補助金の情報は、締切の直前になって急に流れてきます。会社設立の準備で手一杯の時期にそれを追いかけるのは大変です。ただ、公募の波そのものは年度に沿って動いていて、おおよその形があります。形さえ知っていれば、慌てて追いかける必要はありません。

補助金の年間スケジュールの流れ
補助金の年間の動きを並べた図

補助金は年度で動く。会社設立の日もそこに合わせられる

補助金は年度で動く。会社設立の日もそこに合わせられる|会社設立の補助金と支援
補助金は年度で動く。会社設立の日もそこに合わせられる

国の補助金は予算に紐づいています。予算は年度で区切られるので、制度も年度で動きます。同じ名前の補助金でも、年度が変われば補助率や上限額、対象になる経費が変わることがあります。

会社設立の側から見ると、これは使える性質です。狙う制度が年度の前半に公募回を置いているなら、会社設立をその前に済ませておけば、最初の回から申請できます。逆に年度末に会社設立をすると、次の年度の要件が出るまで様子見になります。

年度をまたぐときに変わりやすいもの

  • 1補助率と上限額
  • 2対象になる経費の範囲
  • 3加点になる要件(賃上げ、事業計画の認定など)
  • 4制度そのものの名称や統廃合

もうひとつ、年度のはじめは公募要領がまだ出そろっていない時期でもあります。前の年度の要領を見ながら準備を進め、最新版が出た時点で差分を確認する、という進め方になります。会社設立の準備と重なると負担が大きいので、前の年度の要領を読む作業は、比較的手の空いている時期に済ませておくと楽になります。

四つ目は見落としやすい点です。たとえばIT導入補助金は、デジタル化・AI導入補助金という名称で運用されています。前の年度の情報だけを見て探すと、そもそも見つからないということが起きます。会社設立の年に調べるときは、年度と正式名称の両方で確認してください。

年度の区切りは制度側の都合です。会社設立の日を無理に合わせる必要はありませんが、選べる状況なら意識する価値があります。

出典小規模事業者持続化補助金(中小企業庁/2026-09-03 確認)

公募が重なる時期と、静かな時期がある

公募が重なる時期と、静かな時期がある|会社設立の補助金と支援
公募が重なる時期と、静かな時期がある

公募は年間を通じて均等に出てくるわけではありません。年度の初めから前半にかけて集中し、年度末は実績報告の期間になって静かになります。会社設立の準備をこの波に合わせられると、動きやすくなります。

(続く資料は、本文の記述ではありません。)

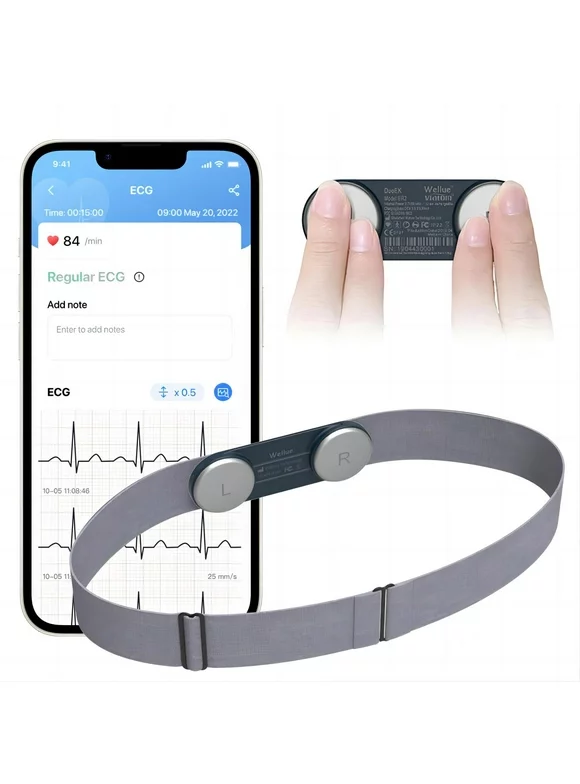 EKG ECG Monitor,Portable Heart Health Monitoring Devices with Chest Strap,Heart Rate Tracker,30s-15mins Recording,Free App for iOS and Android,DuoEk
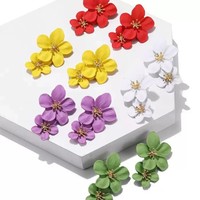 Boucles d'oreilles pendantes en métal à fleurs peintes aux couleurs vives, style hawaïen, double fleur, pour femmes
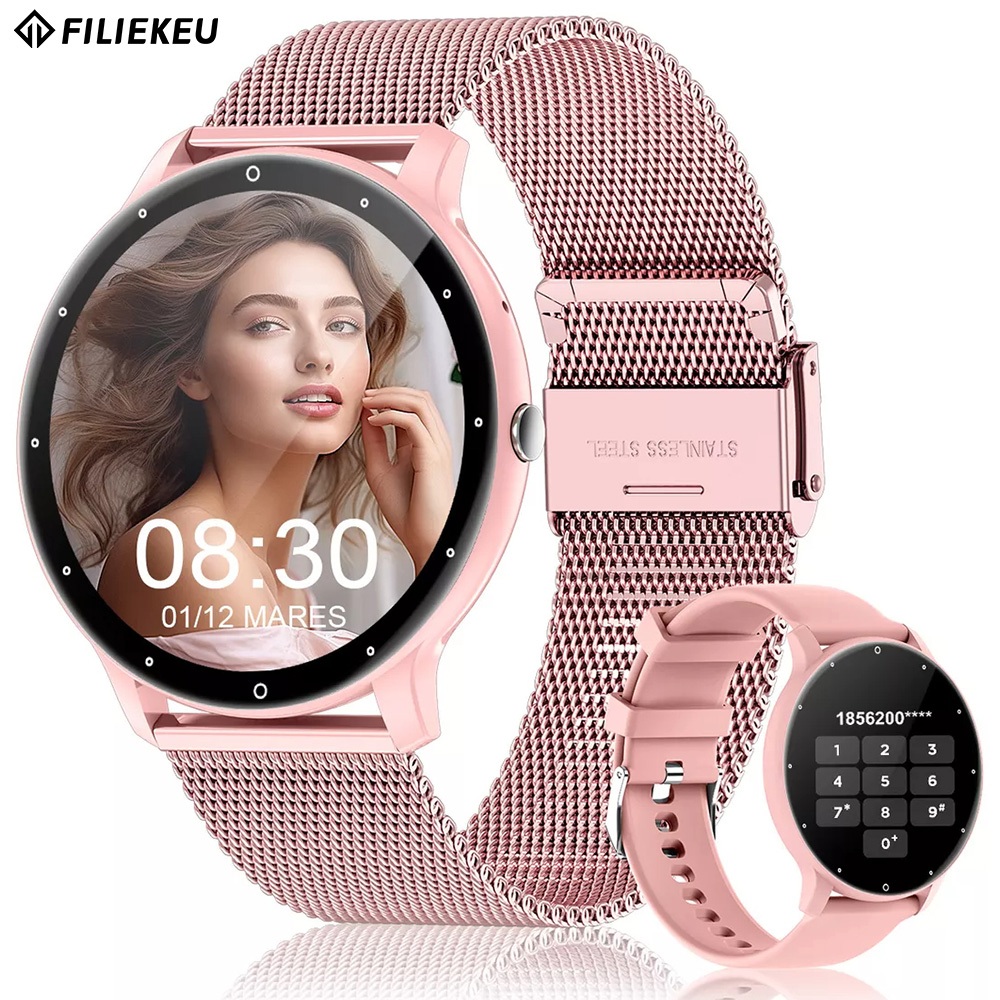 FILIEKEU relógio smartwatch feminino a prova d água Chamada pressão arterial smartwatch relogio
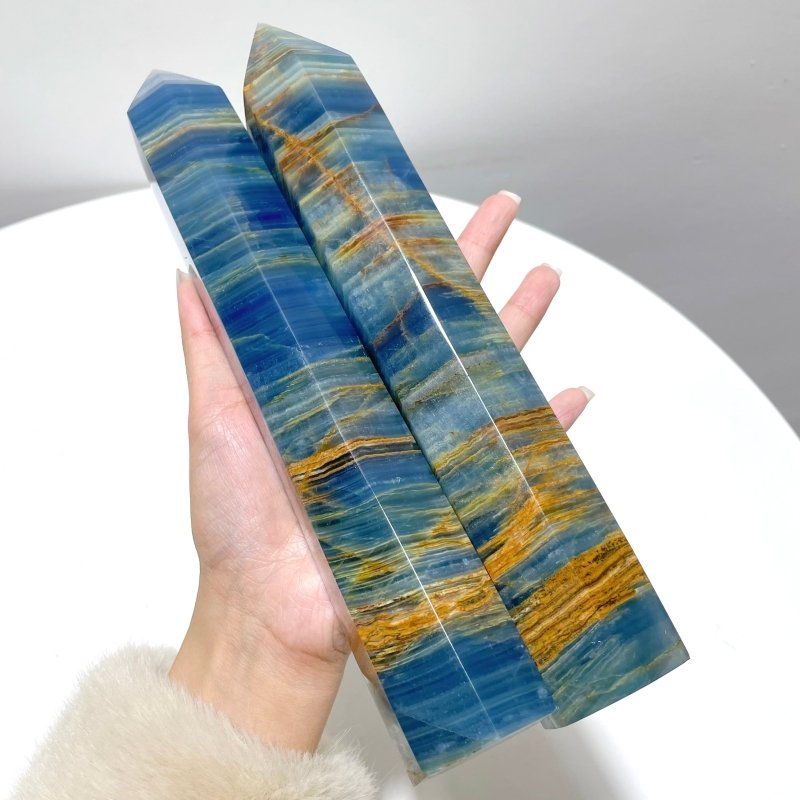 6 Pieces High Quality 10in Deep Blue Onyx Tower - Wholesale Crystals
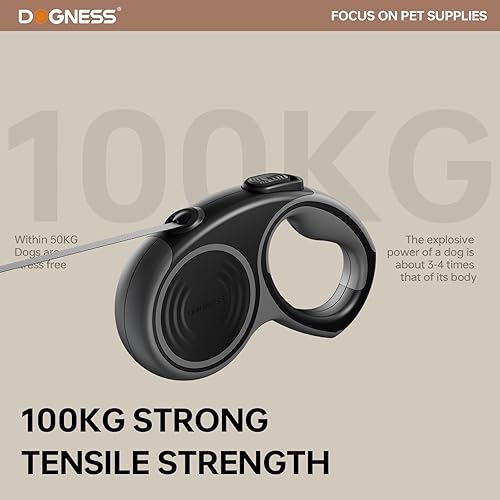 Miniatura 3 de DOGNESS Correa retráctil para perro de 16.4 pies, gran correa resistente para perro de hasta 80 libras, freno con un botón y bloqueo, mango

制度によっては、年間で何回も公募回を設けています。小規模事業者持続化補助金は回を重ねて公募されており、ものづくり・商業・サービス生産性向上促進補助金も次数を重ねています。一回逃しても次があるという前提で、落ち着いて準備してください。

公募の波に合わせた、会社設立からの動き方|会社設立の補助金
公募の波に合わせた会社設立からの動き方

静かな時期にやっておくこと

公募が少ない時期は、準備に向いています。会社設立の直後にやるべき届出を片づけ、GビズIDを取り、事業計画の骨格を書いておく。この三つが済んでいると、次の波が来たときに書類だけの作業になります。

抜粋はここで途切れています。